The output of `mig_estimate_rc` allows you to easily check two diagnostic values in the `check_converge` object of the output: 

* The potential scale reduction statistic, commonly referred to as the **R-hat** statistic, provides insight into whether the model has converged [@gelman1992inference]. You want the R-hat values to be close to 1, and R-hat values far greater than 1 indicate that convergence has not been achieved. Generally, Gelman et al. recommend ensuring that R-hat values are below 1.1, although there is no universally agreed upon threshold [@gelman2013bayesian].

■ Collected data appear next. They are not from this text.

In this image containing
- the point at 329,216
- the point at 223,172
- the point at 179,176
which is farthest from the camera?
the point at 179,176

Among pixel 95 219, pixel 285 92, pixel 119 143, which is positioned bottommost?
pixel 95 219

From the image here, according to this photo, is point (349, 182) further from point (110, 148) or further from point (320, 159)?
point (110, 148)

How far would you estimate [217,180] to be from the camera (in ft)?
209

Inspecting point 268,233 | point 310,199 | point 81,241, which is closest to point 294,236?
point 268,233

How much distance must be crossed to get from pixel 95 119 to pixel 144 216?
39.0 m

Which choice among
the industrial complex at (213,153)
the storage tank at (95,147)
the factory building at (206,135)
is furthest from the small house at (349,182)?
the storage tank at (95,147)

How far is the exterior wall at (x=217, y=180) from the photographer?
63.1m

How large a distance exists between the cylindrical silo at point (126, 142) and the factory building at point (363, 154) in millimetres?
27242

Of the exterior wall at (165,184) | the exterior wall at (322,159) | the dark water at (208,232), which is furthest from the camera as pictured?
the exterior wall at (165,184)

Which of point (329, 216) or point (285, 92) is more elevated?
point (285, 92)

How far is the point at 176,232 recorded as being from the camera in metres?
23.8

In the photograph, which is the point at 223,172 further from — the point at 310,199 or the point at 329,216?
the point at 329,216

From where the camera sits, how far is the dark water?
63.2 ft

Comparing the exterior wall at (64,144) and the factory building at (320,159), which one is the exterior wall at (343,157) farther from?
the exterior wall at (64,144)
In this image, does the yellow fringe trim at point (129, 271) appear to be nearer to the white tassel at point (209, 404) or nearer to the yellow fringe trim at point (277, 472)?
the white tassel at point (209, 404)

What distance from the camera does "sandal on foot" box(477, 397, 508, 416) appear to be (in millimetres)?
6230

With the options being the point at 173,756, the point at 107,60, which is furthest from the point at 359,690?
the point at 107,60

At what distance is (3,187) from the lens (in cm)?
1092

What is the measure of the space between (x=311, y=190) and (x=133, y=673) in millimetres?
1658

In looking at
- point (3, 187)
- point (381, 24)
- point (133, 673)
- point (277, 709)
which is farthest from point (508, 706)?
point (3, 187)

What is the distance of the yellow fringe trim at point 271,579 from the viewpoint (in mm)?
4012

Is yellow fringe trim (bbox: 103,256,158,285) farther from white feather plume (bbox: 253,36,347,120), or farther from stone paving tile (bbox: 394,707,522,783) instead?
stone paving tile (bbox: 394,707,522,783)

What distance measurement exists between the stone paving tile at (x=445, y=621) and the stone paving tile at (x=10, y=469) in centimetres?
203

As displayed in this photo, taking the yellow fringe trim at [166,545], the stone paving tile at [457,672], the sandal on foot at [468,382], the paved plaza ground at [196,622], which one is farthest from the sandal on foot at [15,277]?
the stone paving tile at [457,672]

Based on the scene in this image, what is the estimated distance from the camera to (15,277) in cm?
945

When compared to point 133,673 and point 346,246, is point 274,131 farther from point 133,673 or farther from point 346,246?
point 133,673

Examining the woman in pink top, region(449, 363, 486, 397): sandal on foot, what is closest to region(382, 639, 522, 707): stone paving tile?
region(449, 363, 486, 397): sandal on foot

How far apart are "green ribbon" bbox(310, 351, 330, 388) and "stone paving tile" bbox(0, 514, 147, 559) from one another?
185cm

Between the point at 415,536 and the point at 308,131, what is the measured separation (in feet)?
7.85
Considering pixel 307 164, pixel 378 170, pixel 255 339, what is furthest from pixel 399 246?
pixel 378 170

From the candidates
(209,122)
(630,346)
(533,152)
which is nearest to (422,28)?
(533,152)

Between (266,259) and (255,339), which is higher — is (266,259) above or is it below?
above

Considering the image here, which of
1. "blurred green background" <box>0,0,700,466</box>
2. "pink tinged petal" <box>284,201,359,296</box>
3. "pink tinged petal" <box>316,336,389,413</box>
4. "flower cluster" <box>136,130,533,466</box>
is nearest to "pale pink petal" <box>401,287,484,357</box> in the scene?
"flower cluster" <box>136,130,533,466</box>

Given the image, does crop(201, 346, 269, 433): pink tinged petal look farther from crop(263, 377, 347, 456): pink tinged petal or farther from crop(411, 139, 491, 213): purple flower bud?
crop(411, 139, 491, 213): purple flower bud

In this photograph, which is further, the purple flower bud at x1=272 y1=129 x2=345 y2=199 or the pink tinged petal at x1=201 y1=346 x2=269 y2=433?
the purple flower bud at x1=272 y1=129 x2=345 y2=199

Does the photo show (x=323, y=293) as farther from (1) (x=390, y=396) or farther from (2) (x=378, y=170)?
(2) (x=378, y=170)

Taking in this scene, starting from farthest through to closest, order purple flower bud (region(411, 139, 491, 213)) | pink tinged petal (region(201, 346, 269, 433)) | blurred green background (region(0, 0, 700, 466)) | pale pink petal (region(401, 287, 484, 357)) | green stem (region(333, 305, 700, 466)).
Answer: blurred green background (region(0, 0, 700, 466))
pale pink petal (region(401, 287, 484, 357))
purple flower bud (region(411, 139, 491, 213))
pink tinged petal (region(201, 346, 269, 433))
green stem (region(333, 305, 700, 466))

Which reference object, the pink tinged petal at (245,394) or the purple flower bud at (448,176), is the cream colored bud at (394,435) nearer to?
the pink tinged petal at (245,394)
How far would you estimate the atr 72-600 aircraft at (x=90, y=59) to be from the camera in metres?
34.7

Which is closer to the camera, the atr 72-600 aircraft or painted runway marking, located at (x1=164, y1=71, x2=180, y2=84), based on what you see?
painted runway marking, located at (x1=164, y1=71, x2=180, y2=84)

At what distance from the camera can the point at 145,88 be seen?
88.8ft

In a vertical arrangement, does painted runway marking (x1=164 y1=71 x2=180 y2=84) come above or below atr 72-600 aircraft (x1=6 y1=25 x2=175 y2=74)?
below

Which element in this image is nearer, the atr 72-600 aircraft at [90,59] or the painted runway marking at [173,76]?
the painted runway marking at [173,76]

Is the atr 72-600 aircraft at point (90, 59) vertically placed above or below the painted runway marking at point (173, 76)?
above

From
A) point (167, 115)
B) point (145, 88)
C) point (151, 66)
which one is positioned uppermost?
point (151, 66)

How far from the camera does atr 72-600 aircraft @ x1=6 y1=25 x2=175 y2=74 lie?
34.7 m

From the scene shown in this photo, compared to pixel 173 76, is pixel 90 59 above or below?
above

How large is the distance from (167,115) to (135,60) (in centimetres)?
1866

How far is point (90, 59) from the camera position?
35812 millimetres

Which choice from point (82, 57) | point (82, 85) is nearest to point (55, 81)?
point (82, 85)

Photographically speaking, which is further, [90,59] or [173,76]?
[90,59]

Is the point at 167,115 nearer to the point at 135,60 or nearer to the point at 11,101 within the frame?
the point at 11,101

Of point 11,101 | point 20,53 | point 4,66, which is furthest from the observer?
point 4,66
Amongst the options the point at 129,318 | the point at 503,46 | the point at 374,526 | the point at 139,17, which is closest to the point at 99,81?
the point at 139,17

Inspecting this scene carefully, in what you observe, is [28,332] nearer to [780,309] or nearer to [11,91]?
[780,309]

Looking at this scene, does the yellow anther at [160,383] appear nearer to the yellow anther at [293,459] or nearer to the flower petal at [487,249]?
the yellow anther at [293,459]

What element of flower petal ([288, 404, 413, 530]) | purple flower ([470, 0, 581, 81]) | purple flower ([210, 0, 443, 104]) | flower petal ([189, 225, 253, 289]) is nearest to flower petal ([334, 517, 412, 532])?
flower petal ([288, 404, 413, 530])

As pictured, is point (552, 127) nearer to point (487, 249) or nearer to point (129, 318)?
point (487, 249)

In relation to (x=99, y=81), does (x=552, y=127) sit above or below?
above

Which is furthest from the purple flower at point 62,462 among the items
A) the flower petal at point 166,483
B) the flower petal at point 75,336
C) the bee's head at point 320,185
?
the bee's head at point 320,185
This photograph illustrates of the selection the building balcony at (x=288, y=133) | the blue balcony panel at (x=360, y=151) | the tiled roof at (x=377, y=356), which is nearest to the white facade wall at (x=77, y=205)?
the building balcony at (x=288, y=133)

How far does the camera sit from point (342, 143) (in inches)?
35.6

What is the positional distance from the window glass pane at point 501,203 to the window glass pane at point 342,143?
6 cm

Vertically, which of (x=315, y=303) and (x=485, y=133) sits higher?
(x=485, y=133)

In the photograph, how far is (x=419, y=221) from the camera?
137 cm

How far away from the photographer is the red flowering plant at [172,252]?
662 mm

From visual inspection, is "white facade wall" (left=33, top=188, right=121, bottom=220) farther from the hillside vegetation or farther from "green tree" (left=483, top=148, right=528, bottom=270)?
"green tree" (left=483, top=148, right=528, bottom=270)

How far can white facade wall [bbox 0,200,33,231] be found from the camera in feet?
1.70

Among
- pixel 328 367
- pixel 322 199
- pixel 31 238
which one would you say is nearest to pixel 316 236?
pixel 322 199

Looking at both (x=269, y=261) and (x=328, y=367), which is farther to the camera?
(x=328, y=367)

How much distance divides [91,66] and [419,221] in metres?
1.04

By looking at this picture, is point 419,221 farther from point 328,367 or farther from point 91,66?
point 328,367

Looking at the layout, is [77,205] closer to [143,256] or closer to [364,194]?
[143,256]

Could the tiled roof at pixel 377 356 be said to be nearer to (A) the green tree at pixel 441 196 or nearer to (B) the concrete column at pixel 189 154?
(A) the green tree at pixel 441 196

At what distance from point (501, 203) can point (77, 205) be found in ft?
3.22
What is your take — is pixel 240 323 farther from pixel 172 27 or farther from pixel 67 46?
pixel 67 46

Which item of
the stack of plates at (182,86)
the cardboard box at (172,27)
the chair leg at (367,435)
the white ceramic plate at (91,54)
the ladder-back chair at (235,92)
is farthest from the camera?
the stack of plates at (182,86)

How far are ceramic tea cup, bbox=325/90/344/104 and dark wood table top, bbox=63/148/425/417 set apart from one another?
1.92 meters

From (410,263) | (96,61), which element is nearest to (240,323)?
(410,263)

* The **Effective sample size** provides insight into the autocorrelation among samples in the same chain. The larger the effective sample size the better. If your effective sample size is small, you should consider increasing the number of MCMC samples.

The rest of this document focuses on dealing with convergence issues, which will likely be reflected as large R-hat values. It is not uncommon to find that your model has not converged. This is particularly true if you are fitting a the Poisson model (i.e., providing count data) with a large total population size and/or you are fitting either the 11 or 13 parameter models. Resolving a non-convergent model is not always straight-forward, but we will explain some strategies that can be used with `mig_estimate_rc`. 

## Example of a Non-Convergent Model

Here is an example of a non-convergent model. We will be fitting the full 13-parameter model. In this example, we provide count data meaning that we are fitting the Poisson model.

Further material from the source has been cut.